* Data shown *
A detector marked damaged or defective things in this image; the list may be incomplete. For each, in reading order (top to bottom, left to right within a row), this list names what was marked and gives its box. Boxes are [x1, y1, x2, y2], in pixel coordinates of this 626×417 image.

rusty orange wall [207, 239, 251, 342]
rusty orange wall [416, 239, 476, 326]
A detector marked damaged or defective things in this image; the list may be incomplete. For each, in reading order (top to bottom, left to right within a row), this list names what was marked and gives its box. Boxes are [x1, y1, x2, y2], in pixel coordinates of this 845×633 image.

...

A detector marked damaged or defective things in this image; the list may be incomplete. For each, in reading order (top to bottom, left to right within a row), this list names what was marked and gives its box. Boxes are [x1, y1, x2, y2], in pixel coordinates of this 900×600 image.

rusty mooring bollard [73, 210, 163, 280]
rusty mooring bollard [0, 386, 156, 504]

* Your instructions *
In the material above, transcribe exactly the lines beginning at the one with "this 626×417 image." and ending at the one with "this 845×633 image.", both included.

* The answer *
A detector marked damaged or defective things in this image; the list may be incomplete. For each, in reading order (top to bottom, left to right within a row), this list names what was marked and gives its box. Boxes are [x1, y1, x2, y2], in pixel coordinates of this 626×417 image.

rusty orange wall [207, 239, 251, 342]
rusty orange wall [416, 239, 476, 326]
A detector marked damaged or defective things in this image; the list may be incomplete. For each, in reading order (top to bottom, left to right within a row), this list names what was marked and gives its box. Boxes are [x1, y1, x2, y2], in pixel coordinates of this 845×633 image.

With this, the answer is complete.